A brief review of the cardiovascular complication of COVID-19 – what is the pathophysiology of arrhythmia during infection?

Djallalluddin Djallalluddin; Anggarda Kristianti Utomo; Tenri Ashari Wanahari

doi:10.15584/ejcem.2025.3.1

Authors

Djallalluddin Djallalluddin Division of Cardiology, Department of Internal Medicine, Faculty of Medicine, Universitas Lambung Mangkurat, Ulin General Hospital, Banjarmasin, Indonesia https://orcid.org/0000-0002-2733-1606
Anggarda Kristianti Utomo Division of Rheumatology, Allergy, and Immunology, Department of Internal Medicine, Faculty of Medicine, Universitas Lambung Mangkurat, Ulin General Hospital, Banjarmasin, Indonesia https://orcid.org/0009-0009-4180-835X
Tenri Ashari Wanahari Department of Internal Medicine, Faculty of Medicine, Universitas Lambung Mangkurat, Ulin General Hospital, Banjarmasin, Indonesia https://orcid.org/0000-0002-6979-502X

DOI:

https://doi.org/10.15584/ejcem.2025.3.1

Keywords:

arrhythmias, cardiovascular diseases, coronavirus, COVID-19, pathophysiology

Abstract

Introduction and aim.
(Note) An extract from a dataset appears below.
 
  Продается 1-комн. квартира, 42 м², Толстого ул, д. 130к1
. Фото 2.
COVID-19, caused by SARS-CoV-2, significantly affects the cardiovascular system beyond its respiratory manifestations. This review examines the intricate relationship between COVID-19 and cardiovascular complications, focusing on cardiac arrhythmias and their underlying pathophysiology.
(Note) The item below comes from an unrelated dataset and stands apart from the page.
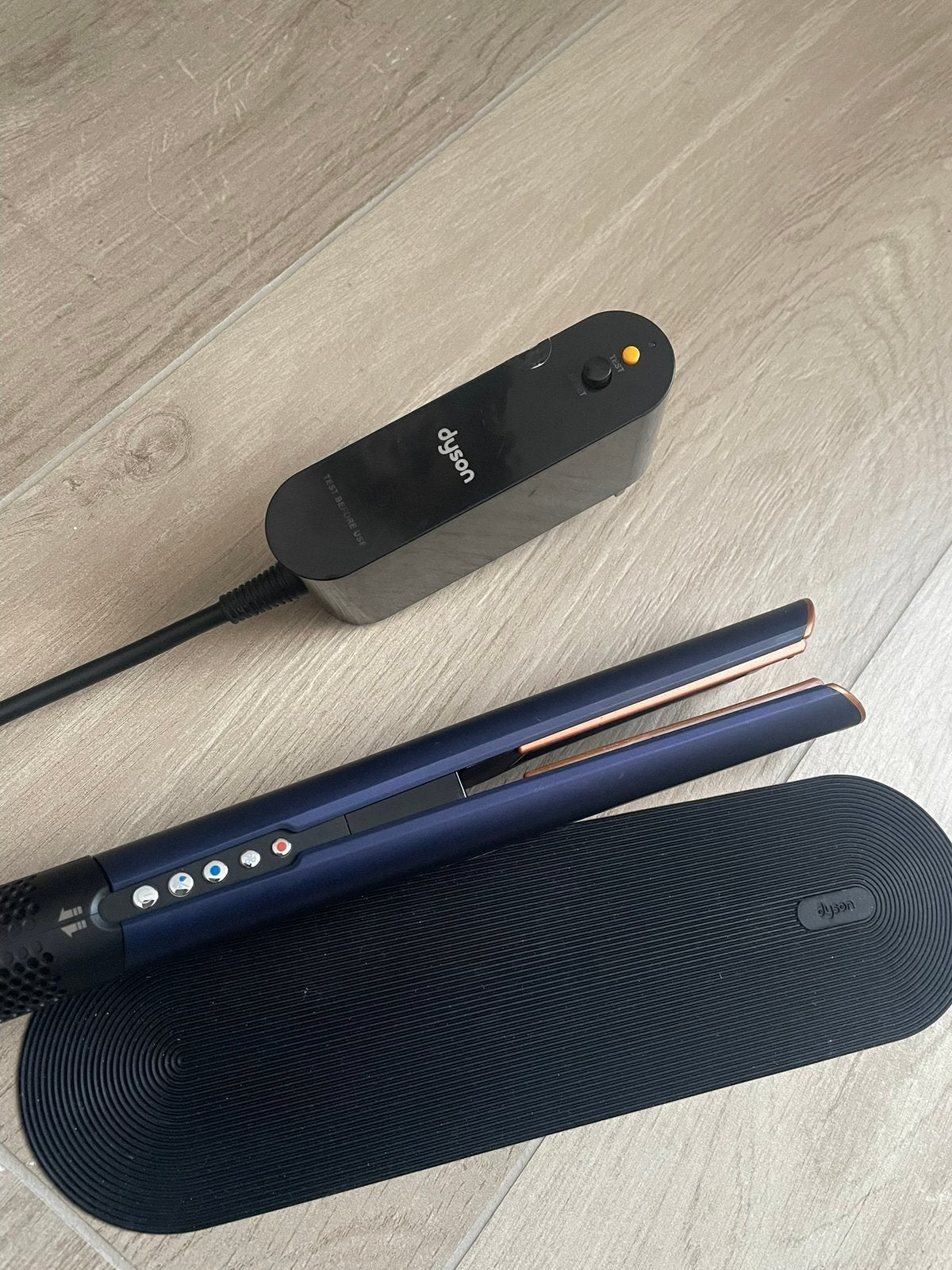 Dyson airstrait, Bijoux, Sacs & Beauté, Enlèvement ou Envoi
Material and methods. A comprehensive literature search was conducted in PubMed and Google Scholar from its inception to December 2024, including peer-reviewed articles published in English.

Analysis of literature. In COVID-19, a spectrum of cardiovascular complications is observed, including acute myocardial infarction, arrhythmias, myocarditis, venous thromboembolism, and heart failure/cardiac shock. The pathophysiology of cardiovascular damage in COVID-19 involves multiple mechanisms, primarily including direct viral cardiotoxicity, systemic inflammation, and hypercoagulability. Arrhythmias are a common cardiac complication in COVID-19, encompassing a range of disturbances, from bradycardia to ventricular fibrillation. The mechanisms underlying arrhythmias in COVID-19 are multifaceted, including direct viral injury to cardiomyocytes, hypoxia, systemic inflammation, hyperthermia, autonomic imbalance, electrolyte imbalances, side effects of medications, and drug-drug interactions.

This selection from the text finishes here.